Supernova Award Category
Tech Optimization and Modernization
The Problem
Databases are really difficult to test — especially when they are designed to be distributed, real-time, and scalable. At MemSQL, we have millions of unique queries to test, highly variable runtimes, and some tests take hours of 100 percent CPU usage. We have over 10,000 unique tests, not to mention the number of test transformations, which may multiply that number by one hundred again.
Our tests also require gigabytes of RAM and multiple cores. That’s the kind of scale you have to think about for testing a platform like MemSQL. We also ran into new testing challenges as our product can take advantage of Intel’s unique AVX technology and vectorization. These modern architectures bring awesome advantages, but they also add to testing scenarios. We started with off-the-shelf, but once you see all the things we’re doing, you can’t just throw it onto a common test platform. Commercial testing solutions are not designed for distributed applications.
The Solution
We started our first database test cluster about five years ago, and named it Psyduck after the Pokémon character.
Initially we had a mixture of home grown, bare metal boxes in the office. Additionally, we had a bare-bones Amazon EC2 presence — for bursty job requirements. That was our initial scaling strategy, manually managed VMs to take on additional load.

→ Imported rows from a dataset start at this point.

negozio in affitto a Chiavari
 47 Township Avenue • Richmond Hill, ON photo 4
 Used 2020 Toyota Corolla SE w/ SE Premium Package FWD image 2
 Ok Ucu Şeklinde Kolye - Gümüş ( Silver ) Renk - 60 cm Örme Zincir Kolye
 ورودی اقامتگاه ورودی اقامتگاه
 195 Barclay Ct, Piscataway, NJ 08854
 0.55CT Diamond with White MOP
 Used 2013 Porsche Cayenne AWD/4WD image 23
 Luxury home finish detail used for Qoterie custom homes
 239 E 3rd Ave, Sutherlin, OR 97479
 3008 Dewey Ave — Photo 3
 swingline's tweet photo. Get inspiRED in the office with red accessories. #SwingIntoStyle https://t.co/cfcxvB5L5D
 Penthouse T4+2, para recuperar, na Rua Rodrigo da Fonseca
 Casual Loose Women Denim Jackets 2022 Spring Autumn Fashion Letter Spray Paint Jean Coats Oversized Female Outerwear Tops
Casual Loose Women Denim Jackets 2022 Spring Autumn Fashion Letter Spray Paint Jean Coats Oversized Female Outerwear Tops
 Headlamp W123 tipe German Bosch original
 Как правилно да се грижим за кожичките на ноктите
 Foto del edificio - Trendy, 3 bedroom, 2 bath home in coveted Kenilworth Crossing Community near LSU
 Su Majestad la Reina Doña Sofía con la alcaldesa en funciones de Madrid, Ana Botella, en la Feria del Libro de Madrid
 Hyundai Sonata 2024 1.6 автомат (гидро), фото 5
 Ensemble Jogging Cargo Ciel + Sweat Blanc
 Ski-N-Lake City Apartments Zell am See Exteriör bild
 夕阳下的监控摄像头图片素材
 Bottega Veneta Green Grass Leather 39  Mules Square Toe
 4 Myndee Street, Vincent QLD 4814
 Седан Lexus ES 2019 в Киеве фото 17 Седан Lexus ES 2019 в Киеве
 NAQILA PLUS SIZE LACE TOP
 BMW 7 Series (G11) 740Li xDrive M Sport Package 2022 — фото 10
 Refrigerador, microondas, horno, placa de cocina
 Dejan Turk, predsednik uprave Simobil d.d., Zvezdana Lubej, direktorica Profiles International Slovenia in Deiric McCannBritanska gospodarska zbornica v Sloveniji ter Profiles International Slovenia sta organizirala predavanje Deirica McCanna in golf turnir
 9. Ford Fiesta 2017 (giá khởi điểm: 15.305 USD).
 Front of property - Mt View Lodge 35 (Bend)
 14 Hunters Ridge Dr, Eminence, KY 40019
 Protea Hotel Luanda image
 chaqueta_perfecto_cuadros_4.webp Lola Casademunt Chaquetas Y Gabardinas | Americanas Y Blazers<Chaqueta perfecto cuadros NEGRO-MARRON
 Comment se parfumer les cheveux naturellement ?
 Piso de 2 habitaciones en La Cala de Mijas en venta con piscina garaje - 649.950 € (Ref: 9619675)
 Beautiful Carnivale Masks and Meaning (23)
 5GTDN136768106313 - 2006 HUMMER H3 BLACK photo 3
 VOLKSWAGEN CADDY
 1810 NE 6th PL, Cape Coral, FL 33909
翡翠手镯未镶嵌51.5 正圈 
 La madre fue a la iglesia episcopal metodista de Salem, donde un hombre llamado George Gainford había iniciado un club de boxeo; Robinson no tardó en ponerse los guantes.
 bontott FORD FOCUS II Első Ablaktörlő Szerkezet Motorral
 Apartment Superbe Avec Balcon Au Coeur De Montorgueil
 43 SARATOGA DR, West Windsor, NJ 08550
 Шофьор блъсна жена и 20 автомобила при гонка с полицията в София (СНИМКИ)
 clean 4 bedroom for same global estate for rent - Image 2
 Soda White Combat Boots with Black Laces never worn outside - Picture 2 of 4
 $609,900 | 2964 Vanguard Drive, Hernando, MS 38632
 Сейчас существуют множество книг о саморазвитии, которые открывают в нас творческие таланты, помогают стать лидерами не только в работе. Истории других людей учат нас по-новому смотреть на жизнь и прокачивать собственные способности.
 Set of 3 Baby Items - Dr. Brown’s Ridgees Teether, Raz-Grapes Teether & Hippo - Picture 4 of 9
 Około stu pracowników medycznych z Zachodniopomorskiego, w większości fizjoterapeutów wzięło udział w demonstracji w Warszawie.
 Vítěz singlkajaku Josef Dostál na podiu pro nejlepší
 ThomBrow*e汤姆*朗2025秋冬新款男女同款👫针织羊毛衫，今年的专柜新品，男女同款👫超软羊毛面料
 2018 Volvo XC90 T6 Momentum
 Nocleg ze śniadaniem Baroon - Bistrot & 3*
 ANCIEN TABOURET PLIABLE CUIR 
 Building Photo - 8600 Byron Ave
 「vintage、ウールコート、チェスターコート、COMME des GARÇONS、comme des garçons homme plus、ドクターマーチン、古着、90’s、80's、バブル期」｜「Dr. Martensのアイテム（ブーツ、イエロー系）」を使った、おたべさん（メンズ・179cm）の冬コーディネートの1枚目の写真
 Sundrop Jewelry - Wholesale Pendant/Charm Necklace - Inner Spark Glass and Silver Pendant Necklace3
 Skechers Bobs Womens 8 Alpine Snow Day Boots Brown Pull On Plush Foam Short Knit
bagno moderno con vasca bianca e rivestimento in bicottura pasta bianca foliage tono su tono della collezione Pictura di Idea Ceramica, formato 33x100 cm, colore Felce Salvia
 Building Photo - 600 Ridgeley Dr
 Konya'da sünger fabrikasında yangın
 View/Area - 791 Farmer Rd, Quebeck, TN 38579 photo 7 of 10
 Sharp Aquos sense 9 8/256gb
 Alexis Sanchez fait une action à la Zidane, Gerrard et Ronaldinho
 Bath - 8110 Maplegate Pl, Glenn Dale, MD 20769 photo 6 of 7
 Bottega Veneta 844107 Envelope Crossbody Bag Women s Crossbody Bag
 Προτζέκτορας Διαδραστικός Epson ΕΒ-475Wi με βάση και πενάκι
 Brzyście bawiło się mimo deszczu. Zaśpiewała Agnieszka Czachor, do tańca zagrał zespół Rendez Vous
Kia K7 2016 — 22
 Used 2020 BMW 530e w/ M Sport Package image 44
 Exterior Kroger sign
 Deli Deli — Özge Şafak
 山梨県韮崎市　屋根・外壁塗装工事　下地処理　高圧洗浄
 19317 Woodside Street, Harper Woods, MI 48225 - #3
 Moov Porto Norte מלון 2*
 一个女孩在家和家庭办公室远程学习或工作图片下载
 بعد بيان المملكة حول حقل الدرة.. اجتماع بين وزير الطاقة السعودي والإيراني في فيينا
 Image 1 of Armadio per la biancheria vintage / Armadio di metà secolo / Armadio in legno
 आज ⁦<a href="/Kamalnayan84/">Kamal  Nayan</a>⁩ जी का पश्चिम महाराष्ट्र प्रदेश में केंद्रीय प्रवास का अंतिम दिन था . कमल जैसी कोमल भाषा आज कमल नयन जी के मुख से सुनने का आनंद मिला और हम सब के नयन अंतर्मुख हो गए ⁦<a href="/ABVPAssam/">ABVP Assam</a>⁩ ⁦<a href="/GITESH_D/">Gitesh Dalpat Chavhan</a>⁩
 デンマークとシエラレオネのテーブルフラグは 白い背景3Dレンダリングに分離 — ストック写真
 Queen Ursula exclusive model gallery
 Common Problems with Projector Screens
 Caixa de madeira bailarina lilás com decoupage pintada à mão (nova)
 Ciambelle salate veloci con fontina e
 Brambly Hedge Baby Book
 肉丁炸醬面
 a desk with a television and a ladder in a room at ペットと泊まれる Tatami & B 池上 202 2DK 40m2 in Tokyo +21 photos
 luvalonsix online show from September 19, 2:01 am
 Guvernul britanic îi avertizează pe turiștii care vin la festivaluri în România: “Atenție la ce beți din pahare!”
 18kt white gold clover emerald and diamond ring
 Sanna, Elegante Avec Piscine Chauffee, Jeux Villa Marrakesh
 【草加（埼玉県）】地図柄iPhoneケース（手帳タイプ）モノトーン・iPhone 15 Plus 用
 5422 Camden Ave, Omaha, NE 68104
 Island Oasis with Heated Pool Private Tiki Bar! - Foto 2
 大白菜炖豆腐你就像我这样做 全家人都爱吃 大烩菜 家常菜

From there we looked at operationalizing the whole stack. First we invested in operationalizing VMs on bare metal. We took 25 machines, cleared them, and built an OpenStack cluster. We scaled that up to about 60 machines on-premises. This allowed us to eliminate EC2, but as we scaled that cluster we experienced a lot of pain and complexity. So we took a portion of the cluster and ran Eucalyptus instead. That ended up being interesting, but not very mature compared to OpenStack.
Then we tested what Psyduck with containers. Docker gave us the ability to spin up in seconds (rather than VMs in minutes).
The results
We’re very happy with the outcome of this journey. The container abstraction is solid for performance, isolation, ephemerality — everything that matters in software unit testing. We don’t care about persistence: the test runners come up as containers, do a bunch of work, write out to a distributed file system, and disappear. This abstraction allows us to not worry about what happens to containers, only that they complete their job and then go away.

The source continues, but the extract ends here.